● Requirement
Everything from the first line of the material to the line containing "建筑工程分部分项工程划分", inclusive, must be given again exactly; no pictures, and nothing past that line.

● Material provided
'''

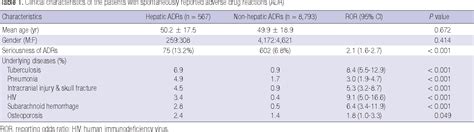 Table 1 From Spontaneously Reported Hepatic Adverse Drug Events In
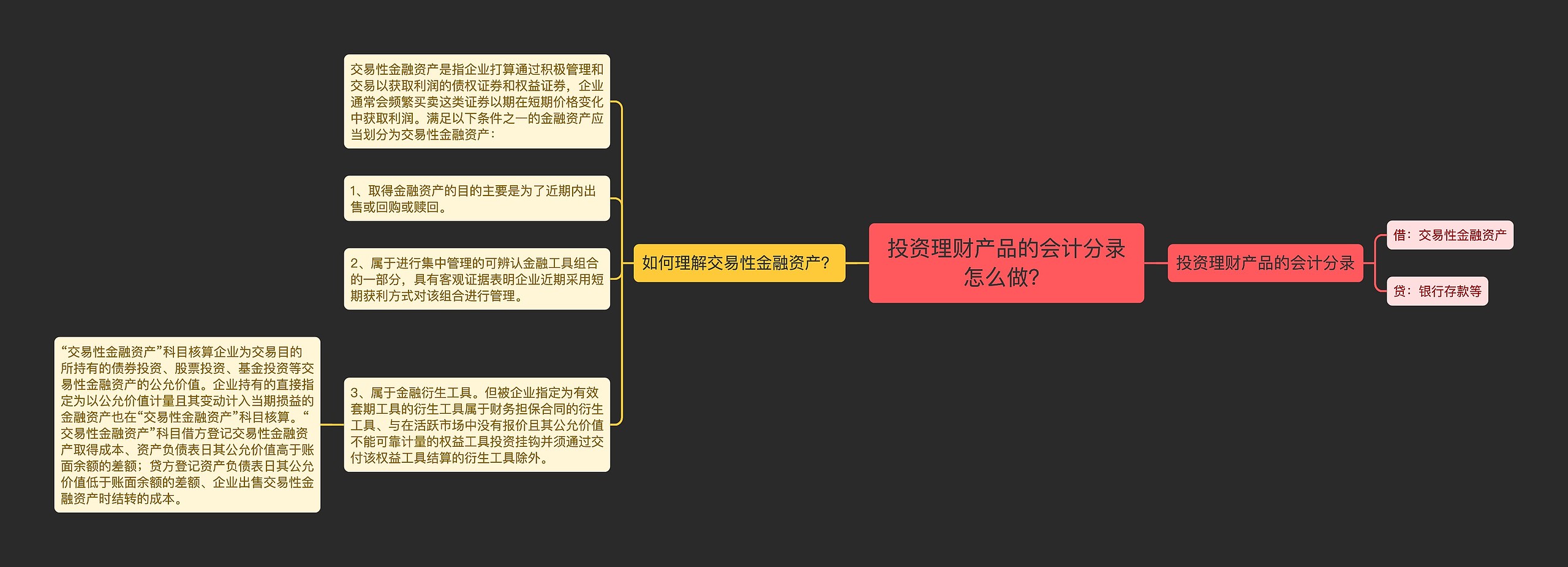 投资理财产品的会计分录怎么做？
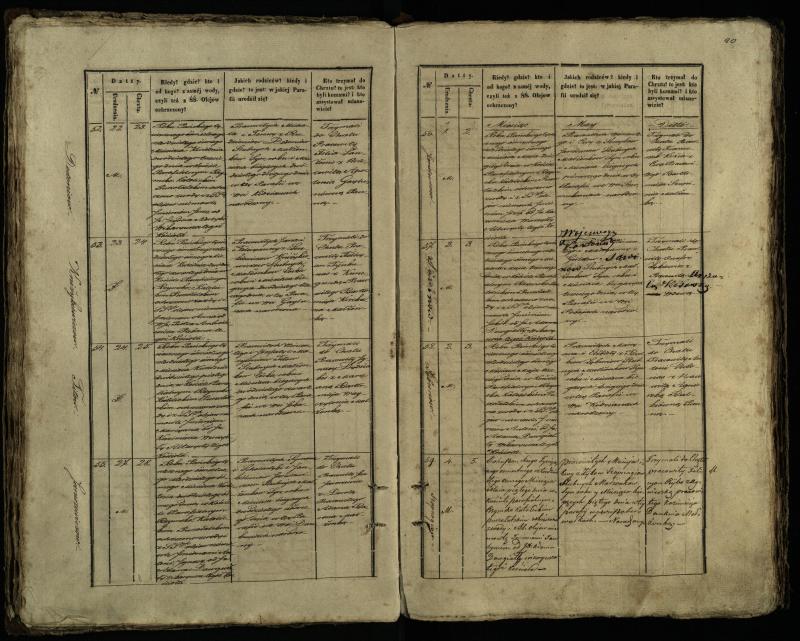 Pušaloto Romos katalikų parapijos bažnyčios 1847–1848 metų krikšto metrikų knyga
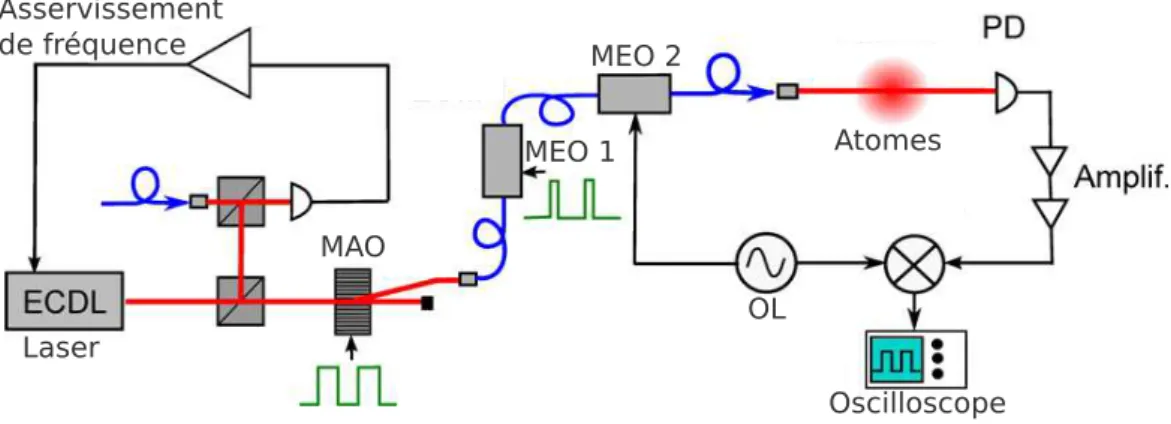 Figure 2.2 – Sch´ema exp´erimental de la mesure non destructive. Le laser sonde est tout d’abord asservi en fr´equence sur la transition atomique par battement avec un laser maˆıtre (` a gauche)
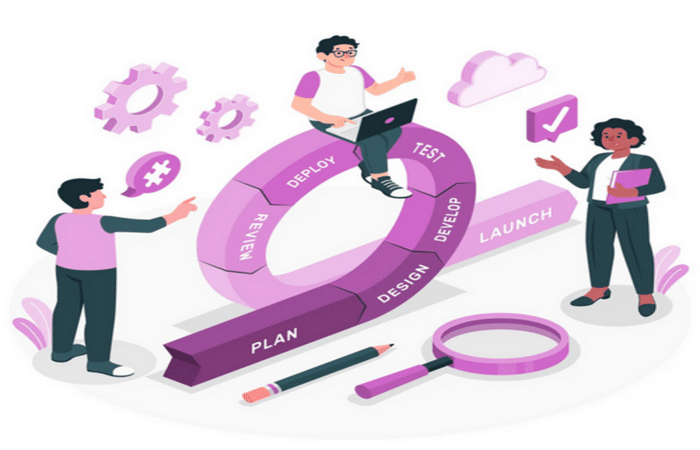 From Concept to Deployment A Beh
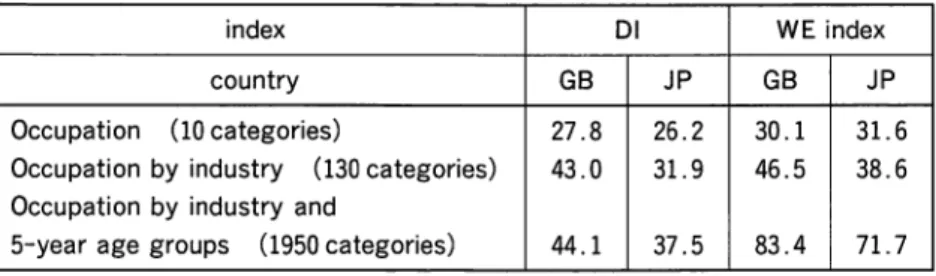 Table 6  The DI and WE  index according to occupation/industry/age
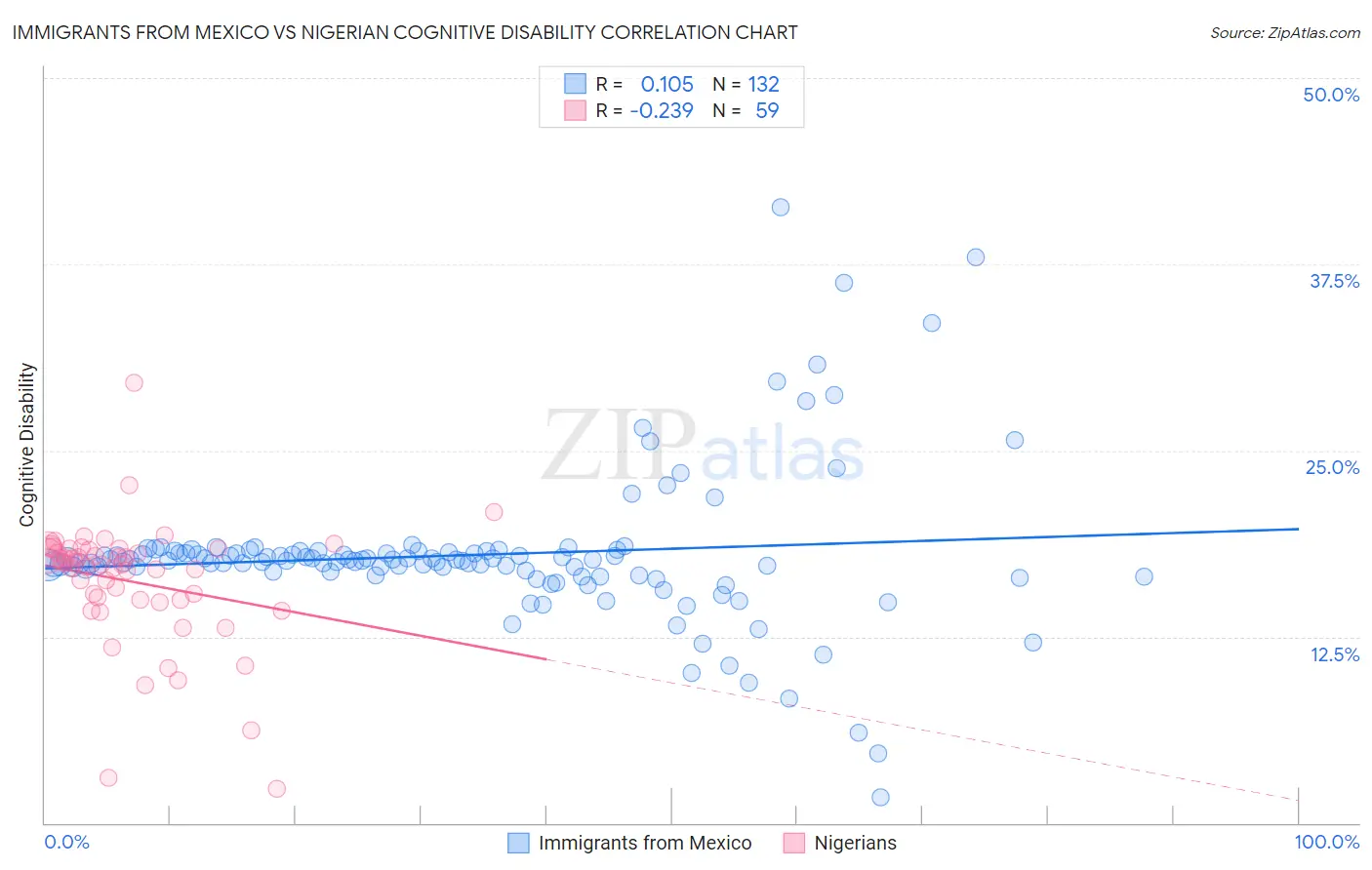 Immigrants from Mexico vs Nigerian Cognitive Disability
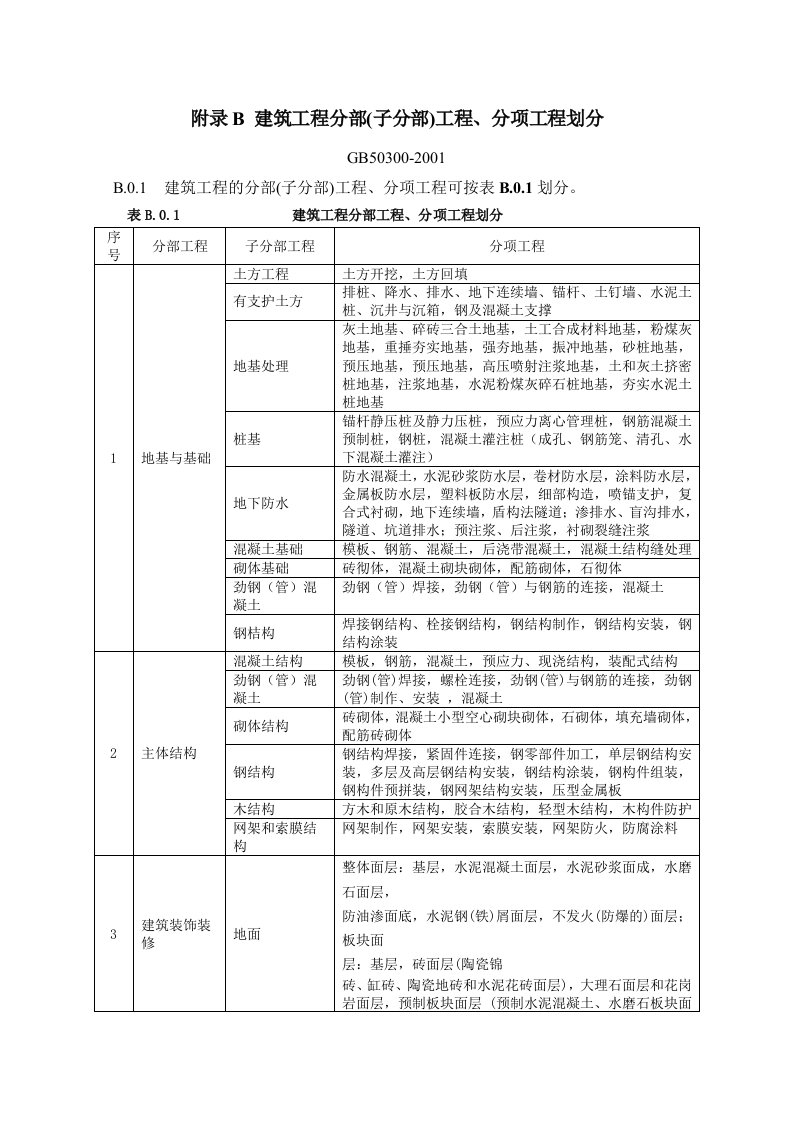 建筑工程分部分项工程划分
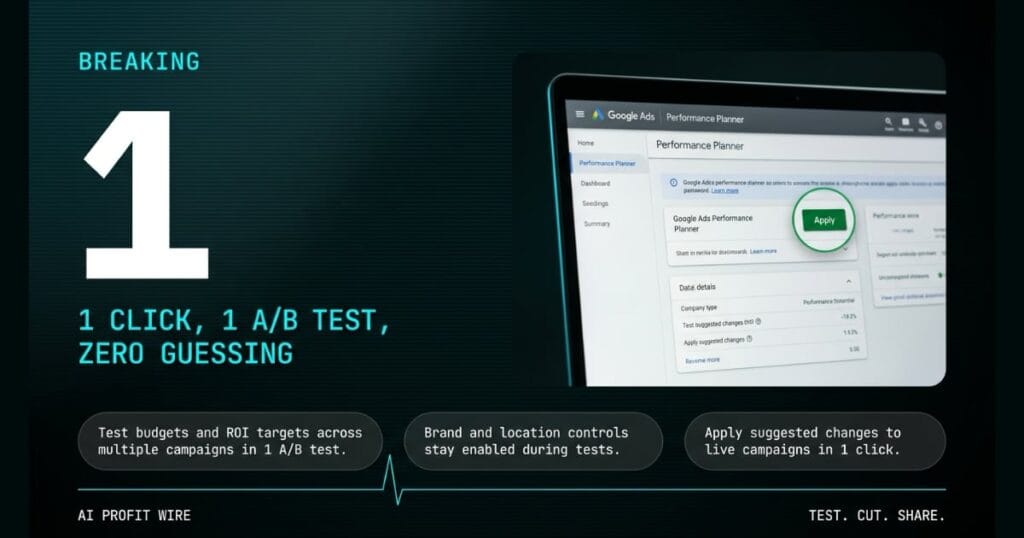 A dark teal and black tech graphic with the cyan header "BREAKING," featuring a large white number "1" alongside the text "1 CLICK, 1 A/B TEST, ZERO GUESSING." To the right, a laptop displays the Google Ads Performance Planner dashboard with a highlighted green "Apply" button. Across the bottom, three glass cards outline key proof points above the branding "AI PROFIT WIRE" and "TEST. CUT. SHARE."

'''

● Written response
 Table 1 From Spontaneously Reported Hepatic Adverse Drug Events In
 投资理财产品的会计分录怎么做？
 Pušaloto Romos katalikų parapijos bažnyčios 1847–1848 metų krikšto metrikų knyga
 Figure 2.2 – Sch´ema exp´erimental de la mesure non destructive. Le laser sonde est tout d’abord asservi en fr´equence sur la transition atomique par battement avec un laser maˆıtre (` a gauche)
 From Concept to Deployment A Beh
 Table 6  The DI and WE  index according to occupation/industry/age
 Immigrants from Mexico vs Nigerian Cognitive Disability
 建筑工程分部分项工程划分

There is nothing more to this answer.